06 Jun Eva Royster McEwen (1887 – 1974)
Collection of the Redding/McEwen Family
Eva Royster McEwen was born in Princeton, New Jersey on August 6, 1887. She was the daughter of Alexander and Hannah Royster. Eva’s interest in art began at a very young age, and her unique creativity was noticed at home and at school. Eva attended The Witherspoon School for Colored Children, located on Witherspoon Street, where she was educated through eighth grade. Along with her love for school, she attended Mt. Pisgah AME (African Methodist Episcopal) Church with her parents. She was recognized by Witherspoon Street Presbyterian Church as a beloved Sunday school teacher and was asked to teach at this church.

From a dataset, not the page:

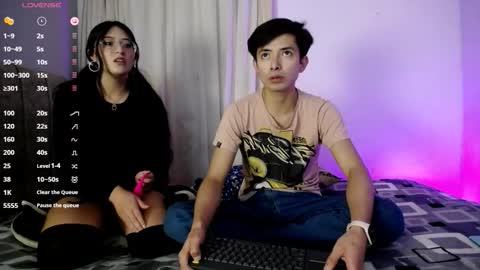 Snapshot of cutiepie_5 chatting on 12.01.25 Jodie online show from 12.01.25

Eva accepted the offer and for the rest of her life was a faithful member at this church where Reverend William Drew Robeson, Paul Leroy Robeson’s father, was the Pastor.

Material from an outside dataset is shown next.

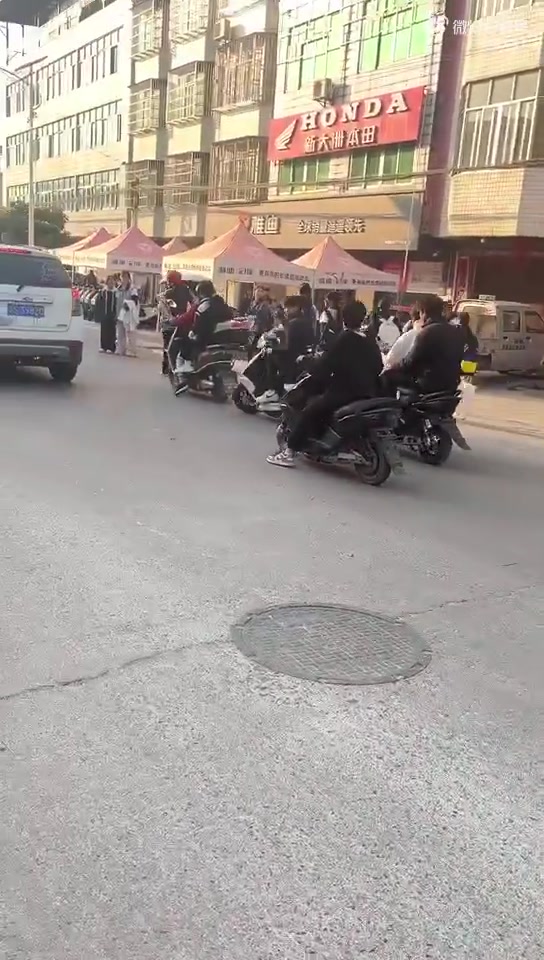 两个叔叔都拿鬼火少年没办法，以为跑掉就没事了吗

Eva studied academics and art, developing an interest in Michelangelo, Vincent Van Gogh, Leonardo de Vinci among other known artists. She had a special interest in lines to create two- and three-dimensional pictures. Her artistic talents and desire to learn more about art, led Eva to attend the Trenton Junior College, later Trenton State College, and The School of Industrial Arts. In 1903 she was recognized nationally for her artistic work. In 1905, Eva received a $5.00 award for her mechanical drawings. She received her college degree in 1905.
Eva Royster McEwen was the first Black women in New Jersey to receive an art degree and recognition for her artistic talents.